*** Input records ***

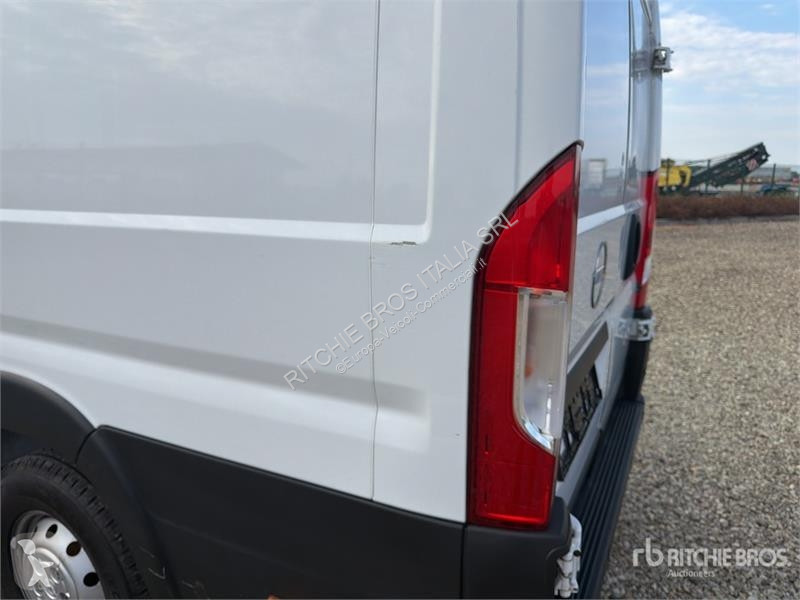 Véhicule utilitaire Opel 2.2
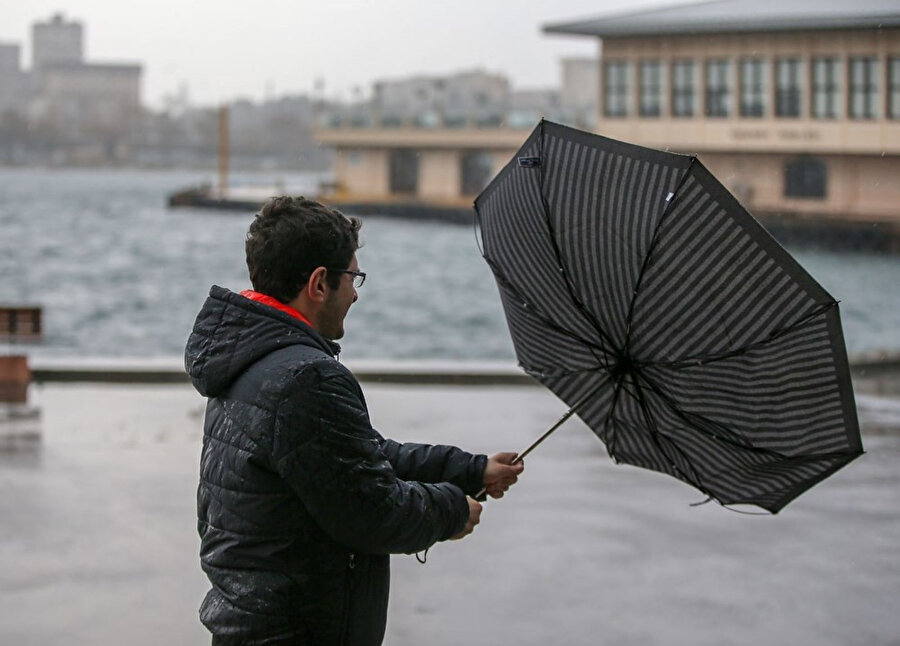 İstanbul'da lodosla birlikte belirli aralıklar da sağanak yağış görülüyor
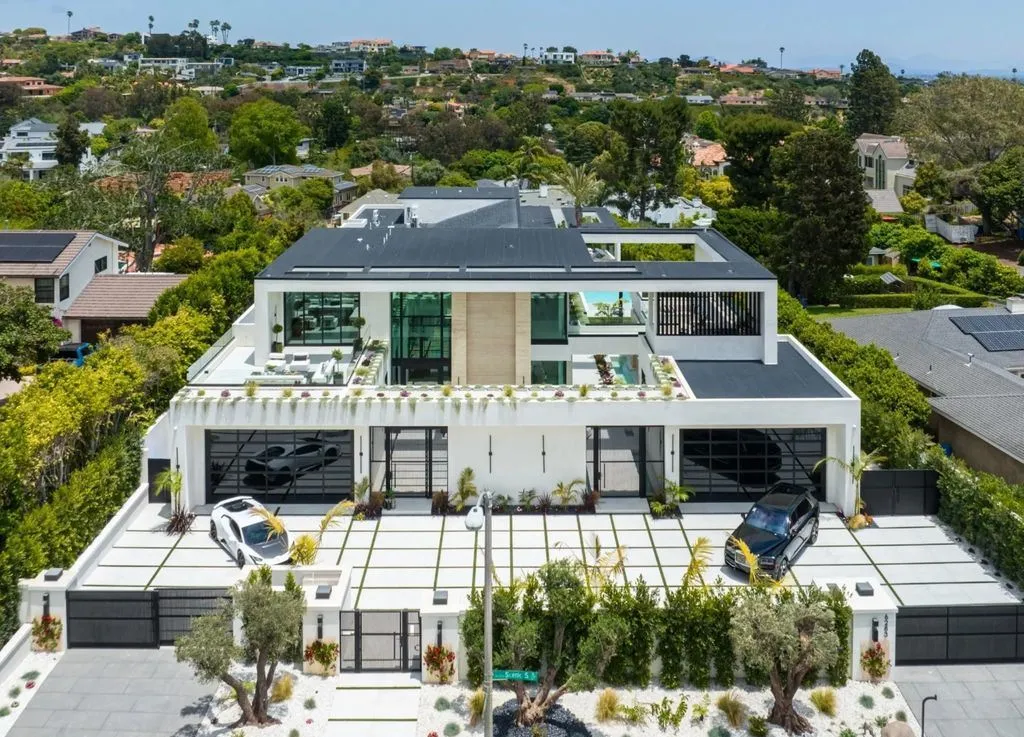 A Monumental Architectural Statement Defines Elite California Living at $18.5M 5 6283 La Jolla Scenic Dr S A Monumental Architectural Statement Defining California Luxury 1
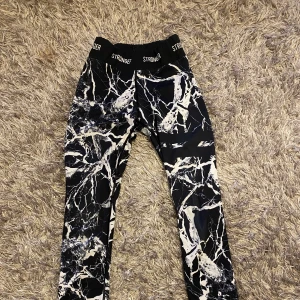 Stronger träningstights  - Använda några gånger, bra skick Nypris 599kr  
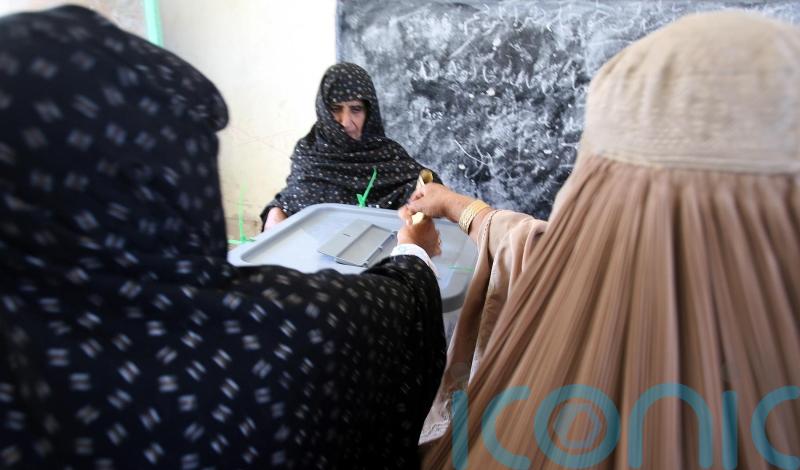 Ministers urged to safeguard aid to Afghanistan after ban on female aid workers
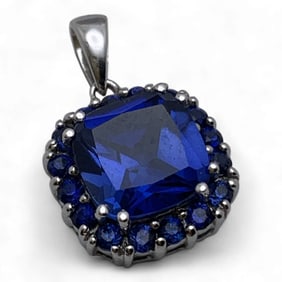10k White Gold And Sapphire Pendant
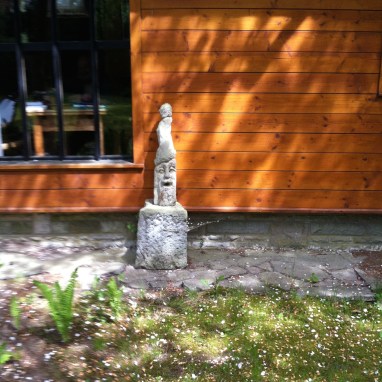 Die Skulptur ist das Geschenk eines Bildhauers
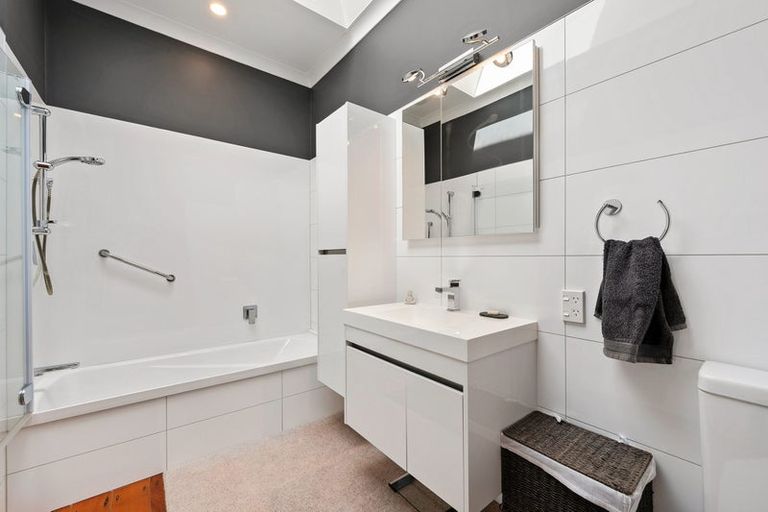 Photo of property in 56 Kano Street, Karori, Wellington, 6012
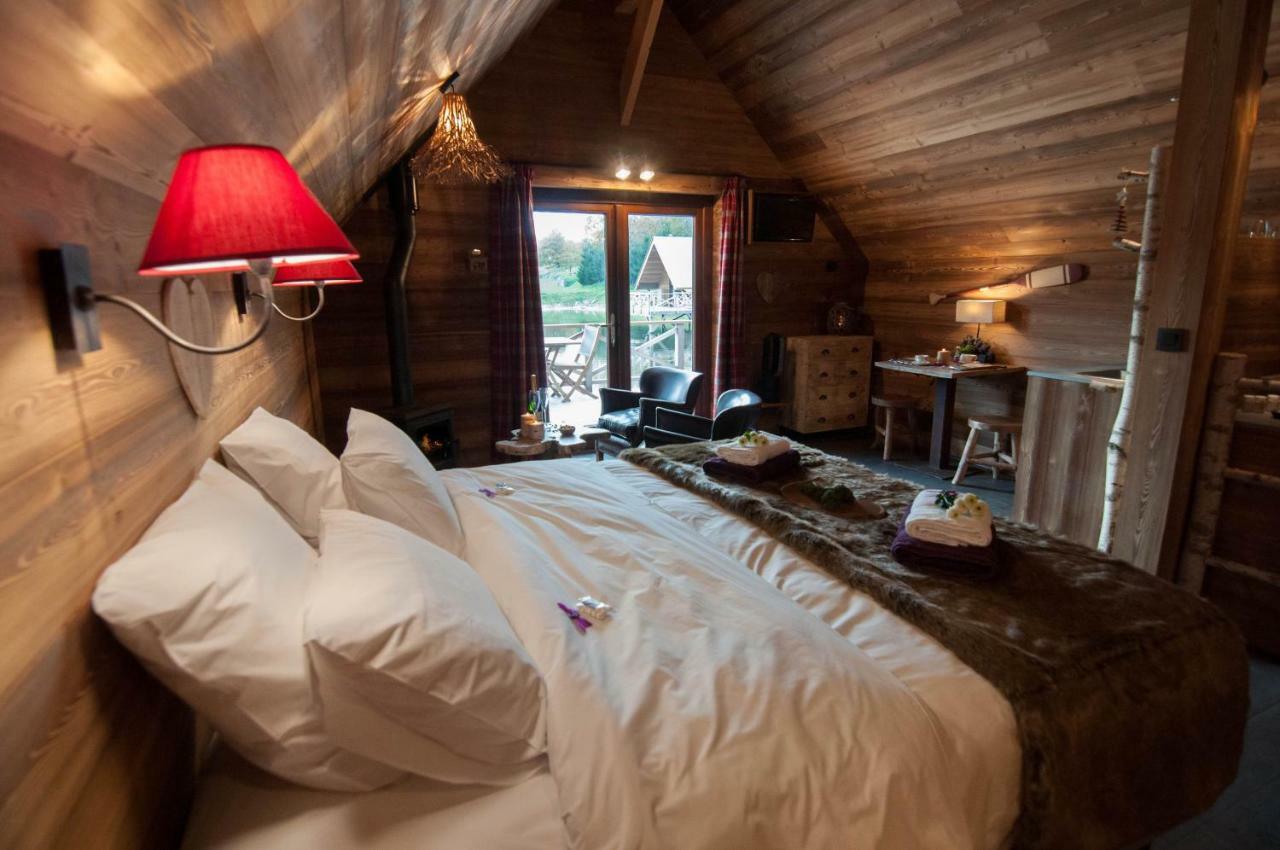Aqualodge Hotel Insolite Ermeton-sur-Biert Buitenkant foto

*** End of Input records ***

Starting where a line contains "Die Skulptur ist" and finishing at the last line above, set down every line exactly as it reads, with no pictures.

* [Solution for this exercise]:
 Die Skulptur ist das Geschenk eines Bildhauers
 Photo of property in 56 Kano Street, Karori, Wellington, 6012
Aqualodge Hotel Insolite Ermeton-sur-Biert Buitenkant foto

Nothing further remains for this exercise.